В самом преследовании сына, в этом неотступном желании маньяка запереть его в тюрьму «навсегда» чувствуется, что он обращается не к сыну, а к чему-то более грозному, к какой-то стихии, которая поглотит всё, если он не обуздает ее.
Это внезапное прозрение старого режима – яркое, гениальное, от которого приподымаются волосы на голове. Это – Валаам, прорицающий против своей воли среди всеобщей слепоты.
В то время, когда граф д'Артуа (Карл X) протежировал Марата, герцог Орлеанский – Бриссо21, каноники Лаонского собора воспитывали Камиля Демулена22, а Сан-Ва-атский Аббат – Робеспьера, Конде покровительствовал Шамфору23, сестры Короля – Бомарше, m-me де Жанлис – Шодерлос де Лакло24, Кардинал де Тенсен – Мабли, – маркиз Мирабо одиноко стоит со своей неутолимой ненавистью к своему родному сыну.
Казотта23 хочется поставить рядом с маркизом Мирабо, потому что и для него революция была не вожделенным освобождением, а надвигавшимся ужасом.
В годы перед Революцией он почти безвыездно жил в провинции, вдали от Парижа, в глубине своей семьи. Он весь захвачен, заворожен глазами приближающегося чудовища, которое должно поглотить самое дорогое для него на земле – короля и церковь. И он кричит о надвигающейся опасности и борется с ползущей лавиной, ясно зная, что будет раздавлен и уничтожен. Он вызывает духов, он хочет сделать Контрреволюцию при помощи мертвецов.
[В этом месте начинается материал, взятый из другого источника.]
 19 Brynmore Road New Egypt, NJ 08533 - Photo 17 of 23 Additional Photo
Он посылает своего сына к королю, которого везут из Варенна26, и тому удается спасти дофина, затерявшегося в толпе. Перед праздником Федерации на Марсовом поле27 его сын произносит по его поручению заклятия около Алтаря Отечества, чтобы поставить Марсово поле под особое покровительство ангелов. Сын доносит отцу, что, когда толпа танцевала карманьолу около Тюильри и он произнес заклятие, то руки сами собой опустились и танец расстроился.
* * *
Ла Гарп28, известный историк и член Французской академии, в котором Террор произвел глубокий религиозный кризис и который стал мистиком по выходе из революционной тюрьмы, сохранил рассказ об одном из предсказаний Казотта.
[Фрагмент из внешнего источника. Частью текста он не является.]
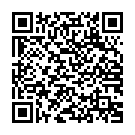    "   Vibe Therapy Pinnacle Vibr White "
«Это было в начале 1788 года29. Мы были на ужине у одного из наших коллег по Академии Due de Nivernais30, важного вельможи и весьма умного человека. Общество было очень многочисленно и весьма разнообразно. Тут были аристократы, придворные, академики, ученые… Ужин был роскошен, как обыкновенно. За десертом мальвазия придала всеобщему веселью еще тот характер свободной распущенности, при которой не всегда сохраняется подобающий тон. Был именно тот момент, когда всё кажется дозволенным, что может вызвать смех.
Шамфор прочел одну из своих вольных и безбожных сказок, и знатные дамы слушали его и не закрывались веерами.
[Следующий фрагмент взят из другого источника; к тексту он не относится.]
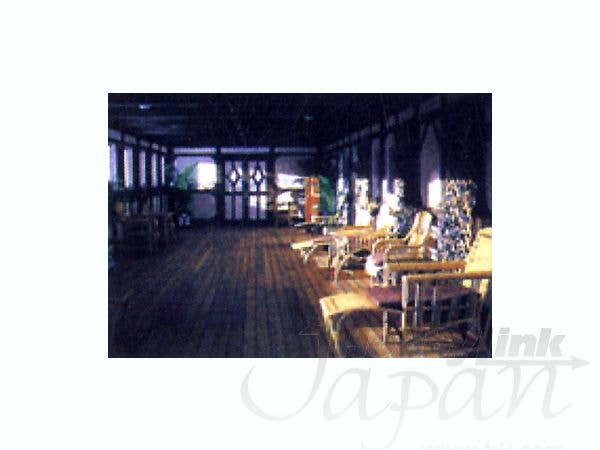 Hobby Boss 1/550 R.M.S. Titanic | 6939319213051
Потом начался целый поток насмешек над религией. Один цитировал из «Девственницы» Вольтера31, другой припоминал эти «философские» стихи Дидро:
И на кишках последнего попаУдавим последнего короля, 32
которые встретились общими рукоплесканиями.
Третий подымается с полным стаканом вина:
«Да, господа, я так же уверен в том, что Бога нет, как и в том, что Гомер просто старый дурак».
И действительно, он был уверен в том и в другом. И тогда стали говорить о Боге и о Гомере, и собеседники хорошо отделали и того и другого.
Разговор становился более серьезным, и все в восторге говорят о той революции, которую произвел Вольтер и которая одна уже дает ему права на бессмертную славу.
«Он дал тон всему веку и заставил читать себя в передней так же, как и в гостиной».
Один из собутыльников рассказал нам, надрываясь от смеха, что его парикмахер сказал ему, пудря его голову:
«Видите ли, сударь, какой я ни есть несчастный цирюльник, религии у меня не больше, чем у всякого другого».